2023-03-10
What’s different between these data sets?
What is needed to create data2
from data1
?
data1
# A tibble: 12 × 3
time species resp
<chr> <chr> <chr>
1 early-day dogfish yes
2 mid-day bear dog no
3 late-day dog yes
4 daytime dogfish no
5 early-day cat yes
6 mid-day cat no
7 late-day dogfish no
8 daytime bear dog no
9 early-day dogfish <NA>
10 mid-day catfish yes
11 late-day cat yes
12 daytime bear dog yes
data2
# A tibble: 8 × 3
time species resp
<chr> <chr> <chr>
1 early-Day dogfish yes
2 mid-Day bear dog no
3 late-Day dog yes
4 daytime dogfish no
5 late-Day dogfish no
6 daytime bear dog no
7 early-Day dogfish no data
8 daytime bear dog yes
Concise and powerful language for describing patterns within strings
(regex for short)
Here’s the regex I used to detect IP addresses: ^(?:(25[0-5]|2[0-4][0-9]|1[0-9][0-9]|[1-9][0-9]|[0-9])(\.(?!$)|$)){4}$
View string patterns with stringr::str_view_all()

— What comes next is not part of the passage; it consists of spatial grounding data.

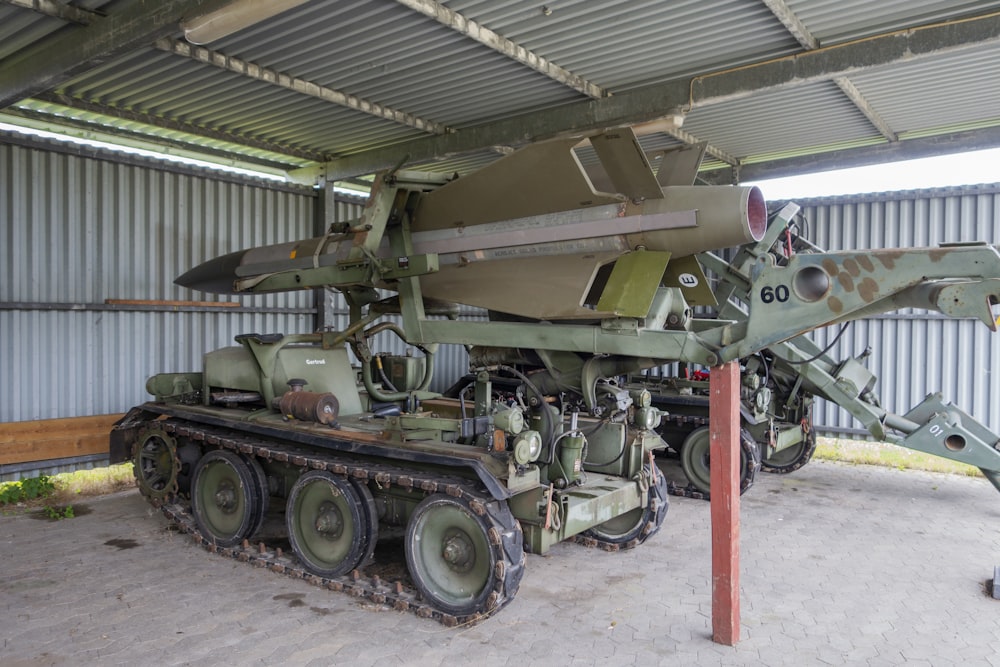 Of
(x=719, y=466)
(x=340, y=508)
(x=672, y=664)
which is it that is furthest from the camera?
(x=340, y=508)

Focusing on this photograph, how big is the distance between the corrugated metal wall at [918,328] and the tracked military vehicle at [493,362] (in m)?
6.52

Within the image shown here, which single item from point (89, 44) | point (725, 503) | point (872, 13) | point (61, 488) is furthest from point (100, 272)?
point (872, 13)

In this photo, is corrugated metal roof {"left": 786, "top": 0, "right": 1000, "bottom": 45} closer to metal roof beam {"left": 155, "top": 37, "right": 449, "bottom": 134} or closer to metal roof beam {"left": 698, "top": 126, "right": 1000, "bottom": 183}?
metal roof beam {"left": 698, "top": 126, "right": 1000, "bottom": 183}

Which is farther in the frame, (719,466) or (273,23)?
(273,23)

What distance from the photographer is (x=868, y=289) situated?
175 inches

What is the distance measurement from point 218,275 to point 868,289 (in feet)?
22.4

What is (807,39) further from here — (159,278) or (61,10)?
(159,278)

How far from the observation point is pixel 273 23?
6.83 metres

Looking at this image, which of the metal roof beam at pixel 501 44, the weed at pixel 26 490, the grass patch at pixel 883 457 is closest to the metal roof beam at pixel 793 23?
the metal roof beam at pixel 501 44

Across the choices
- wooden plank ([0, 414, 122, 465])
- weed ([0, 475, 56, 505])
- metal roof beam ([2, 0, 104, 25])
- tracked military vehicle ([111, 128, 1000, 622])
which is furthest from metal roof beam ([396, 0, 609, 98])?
weed ([0, 475, 56, 505])

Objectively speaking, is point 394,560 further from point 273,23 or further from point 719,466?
point 273,23

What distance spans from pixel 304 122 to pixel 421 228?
455 cm

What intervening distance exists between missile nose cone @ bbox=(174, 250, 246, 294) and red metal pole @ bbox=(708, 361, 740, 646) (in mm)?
5669

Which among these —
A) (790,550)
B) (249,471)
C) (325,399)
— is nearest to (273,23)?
(325,399) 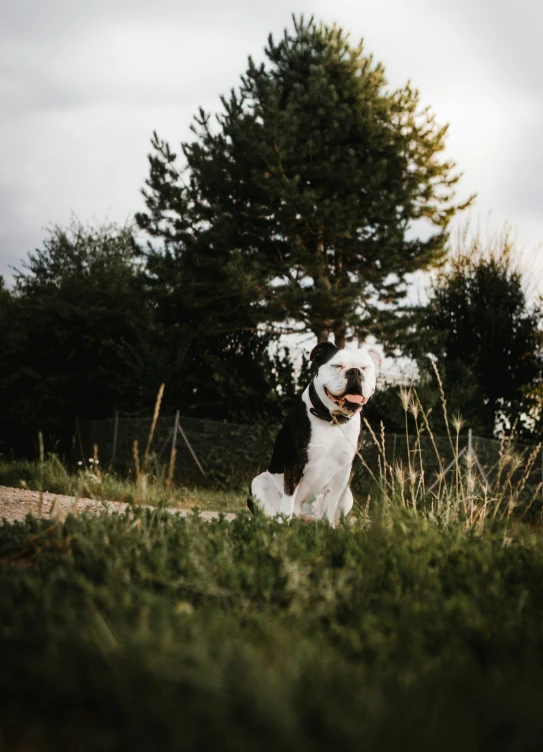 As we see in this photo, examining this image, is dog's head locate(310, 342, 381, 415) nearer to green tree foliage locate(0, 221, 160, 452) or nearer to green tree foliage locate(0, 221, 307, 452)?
green tree foliage locate(0, 221, 307, 452)

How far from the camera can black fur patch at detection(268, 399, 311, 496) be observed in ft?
16.9

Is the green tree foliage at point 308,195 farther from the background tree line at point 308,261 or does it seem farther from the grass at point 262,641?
the grass at point 262,641

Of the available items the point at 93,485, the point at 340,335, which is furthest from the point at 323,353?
the point at 340,335

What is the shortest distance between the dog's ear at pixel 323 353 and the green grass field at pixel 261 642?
75.5 inches

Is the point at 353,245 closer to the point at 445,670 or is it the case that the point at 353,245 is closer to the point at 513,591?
the point at 513,591

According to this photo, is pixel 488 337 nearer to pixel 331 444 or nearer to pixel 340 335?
pixel 340 335

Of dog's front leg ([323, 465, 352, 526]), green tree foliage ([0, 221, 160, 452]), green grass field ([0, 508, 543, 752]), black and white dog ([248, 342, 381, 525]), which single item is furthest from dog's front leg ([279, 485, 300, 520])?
green tree foliage ([0, 221, 160, 452])

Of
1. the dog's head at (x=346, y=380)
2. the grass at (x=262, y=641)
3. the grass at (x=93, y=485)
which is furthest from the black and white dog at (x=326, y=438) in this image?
the grass at (x=93, y=485)

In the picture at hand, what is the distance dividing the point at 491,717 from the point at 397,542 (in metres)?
2.07

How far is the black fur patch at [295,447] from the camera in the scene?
514 cm

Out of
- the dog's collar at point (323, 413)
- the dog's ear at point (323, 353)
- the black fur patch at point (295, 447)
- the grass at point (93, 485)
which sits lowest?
the grass at point (93, 485)

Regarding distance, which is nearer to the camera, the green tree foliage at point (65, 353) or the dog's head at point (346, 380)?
the dog's head at point (346, 380)

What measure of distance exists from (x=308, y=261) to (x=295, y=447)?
9278 millimetres

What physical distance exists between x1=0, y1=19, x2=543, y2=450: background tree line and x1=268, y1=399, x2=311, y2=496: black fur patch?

(x <- c("apple", "banana", "pear", NA))
[1] "apple" "banana" "pear" NA
str_view_all(x, "a")
[1] │ <a>pple
[2] │ b<a>n<a>n<a>
[3] │ pe<a>r
[4] │ NA
.
is wildcard
str_view_all(x, ".a.")
[1] │ apple
[2] │ <ban>ana
[3] │ p<ear>
[4] │ NA
^
to match the start of the string (like starts_with()
)
$
to match the end of the string (like ends_with()
)
str_view_all(x, "^a")
[1] │ <a>pple
[2] │ banana
[3] │ pear
[4] │ NA
str_view_all(x, "a$")
[1] │ apple
[2] │ banan<a>
[3] │ pear
[4] │ NA
|
matches one pattern OR another (e.g., this|that
)
str_view_all(x, "ap|an|ar")
[1] │ <ap>ple
[2] │ b<an><an>a
[3] │ pe<ar>
[4] │ NA
Wrap character groups in ()
str_view_all("Are you here or are you there?", "(A|a)re")
[1] │ <Are> you here or <are> you there?
\d
matches any digit
# view digits
str_view_all("March 10, 2020", "\\d")
[1] │ March <1><0>, <2><0><2><0>
[abc]
matches individual characters (a, b, or c)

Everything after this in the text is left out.